▶ _Exercise instructions_
Your copy of the entries below should hold exactly the lines from the one containing "Use and modify" to the one containing "Tampon A8 - Rêve", inclusive, and no pictures.

▶ _Provided material_

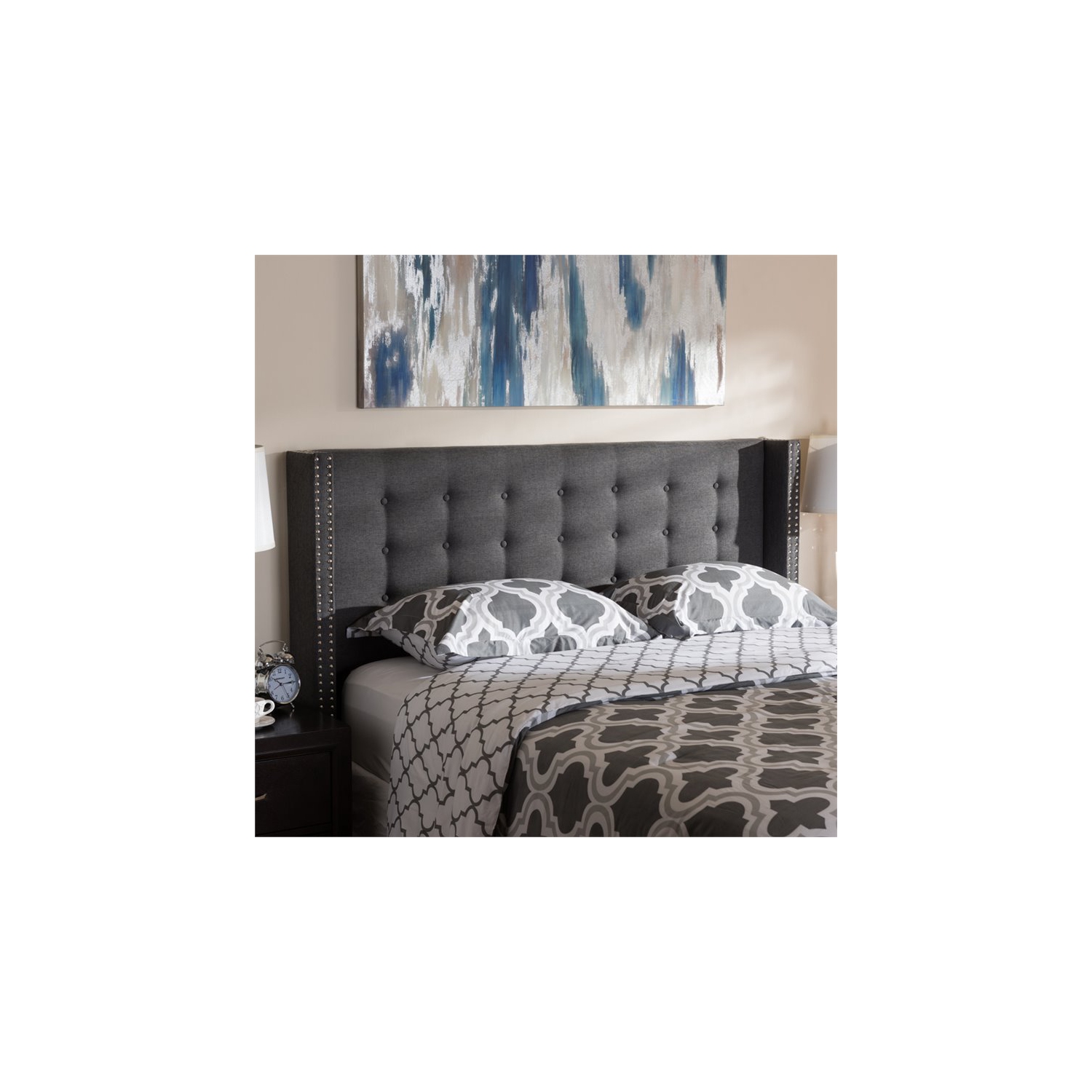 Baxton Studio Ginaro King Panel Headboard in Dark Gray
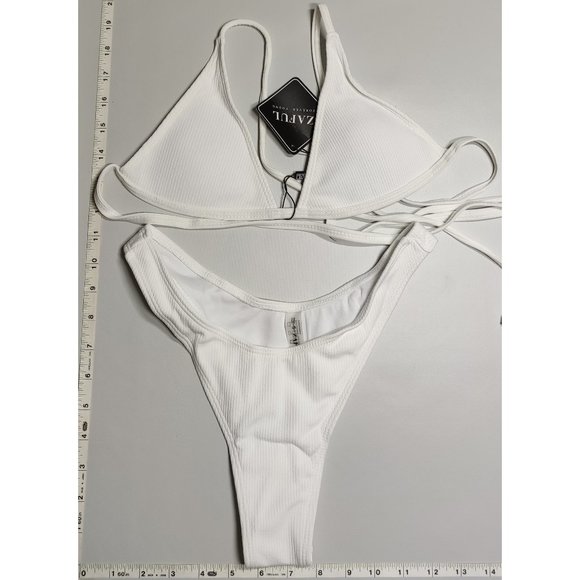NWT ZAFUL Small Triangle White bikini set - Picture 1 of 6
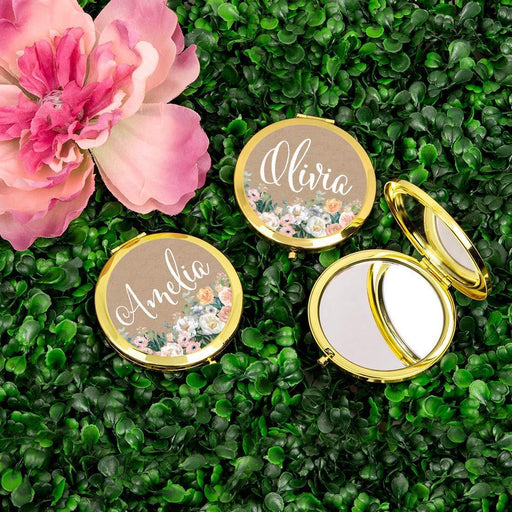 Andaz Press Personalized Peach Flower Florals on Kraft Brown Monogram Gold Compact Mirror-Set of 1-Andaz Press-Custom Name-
* * *
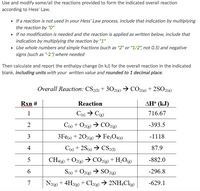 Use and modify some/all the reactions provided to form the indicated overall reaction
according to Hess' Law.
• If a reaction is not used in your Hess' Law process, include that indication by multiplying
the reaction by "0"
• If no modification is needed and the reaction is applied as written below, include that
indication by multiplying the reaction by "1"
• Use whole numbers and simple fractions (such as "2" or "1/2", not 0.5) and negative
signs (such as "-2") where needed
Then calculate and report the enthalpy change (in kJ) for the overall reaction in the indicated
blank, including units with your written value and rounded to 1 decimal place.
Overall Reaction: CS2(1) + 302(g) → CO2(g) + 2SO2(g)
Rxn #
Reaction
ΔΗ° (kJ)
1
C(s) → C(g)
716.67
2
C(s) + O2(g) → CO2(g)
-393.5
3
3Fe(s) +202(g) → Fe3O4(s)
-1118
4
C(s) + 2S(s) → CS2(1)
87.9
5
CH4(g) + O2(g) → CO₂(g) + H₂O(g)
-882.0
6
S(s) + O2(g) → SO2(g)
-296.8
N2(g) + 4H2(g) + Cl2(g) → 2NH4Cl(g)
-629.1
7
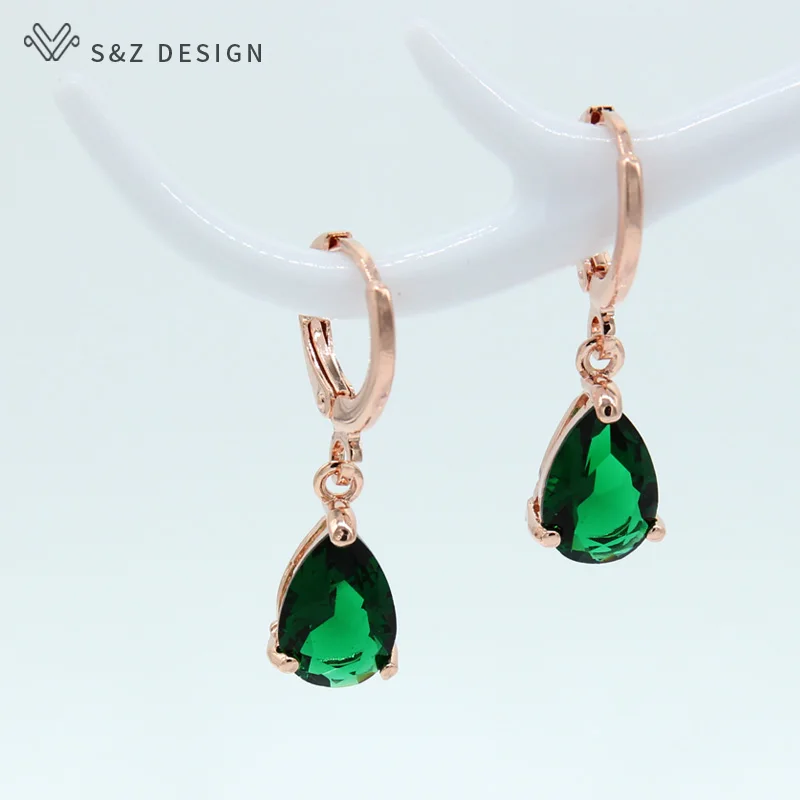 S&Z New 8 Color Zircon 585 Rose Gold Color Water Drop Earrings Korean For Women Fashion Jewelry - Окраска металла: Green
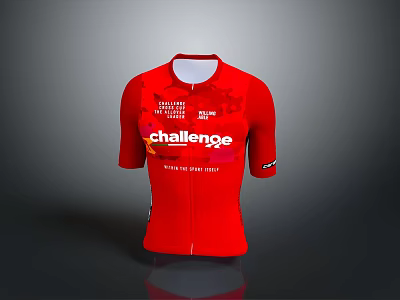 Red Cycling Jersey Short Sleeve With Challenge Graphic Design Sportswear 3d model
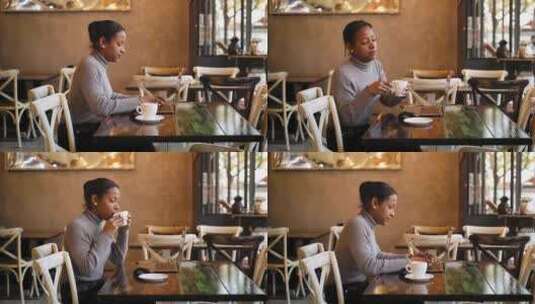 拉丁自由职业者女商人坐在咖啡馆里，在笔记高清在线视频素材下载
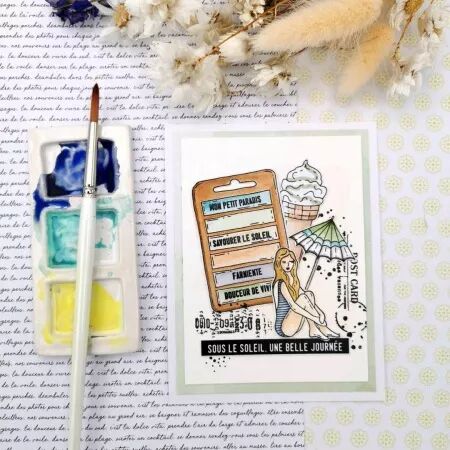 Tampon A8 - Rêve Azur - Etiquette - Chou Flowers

▶ _Your solution_
 Use and modify some/all the reactions provided to form the indicated overall reaction
according to Hess' Law.
• If a reaction is not used in your Hess' Law process, include that indication by multiplying
the reaction by "0"
• If no modification is needed and the reaction is applied as written below, include that
indication by multiplying the reaction by "1"
• Use whole numbers and simple fractions (such as "2" or "1/2", not 0.5) and negative
signs (such as "-2") where needed
Then calculate and report the enthalpy change (in kJ) for the overall reaction in the indicated
blank, including units with your written value and rounded to 1 decimal place.
Overall Reaction: CS2(1) + 302(g) → CO2(g) + 2SO2(g)
Rxn #
Reaction
ΔΗ° (kJ)
1
C(s) → C(g)
716.67
2
C(s) + O2(g) → CO2(g)
-393.5
3
3Fe(s) +202(g) → Fe3O4(s)
-1118
4
C(s) + 2S(s) → CS2(1)
87.9
5
CH4(g) + O2(g) → CO₂(g) + H₂O(g)
-882.0
6
S(s) + O2(g) → SO2(g)
-296.8
N2(g) + 4H2(g) + Cl2(g) → 2NH4Cl(g)
-629.1
7
 S&Z New 8 Color Zircon 585 Rose Gold Color Water Drop Earrings Korean For Women Fashion Jewelry - Окраска металла: Green
 Red Cycling Jersey Short Sleeve With Challenge Graphic Design Sportswear 3d model
 拉丁自由职业者女商人坐在咖啡馆里，在笔记高清在线视频素材下载
 Tampon A8 - Rêve Azur - Etiquette - Chou Flowers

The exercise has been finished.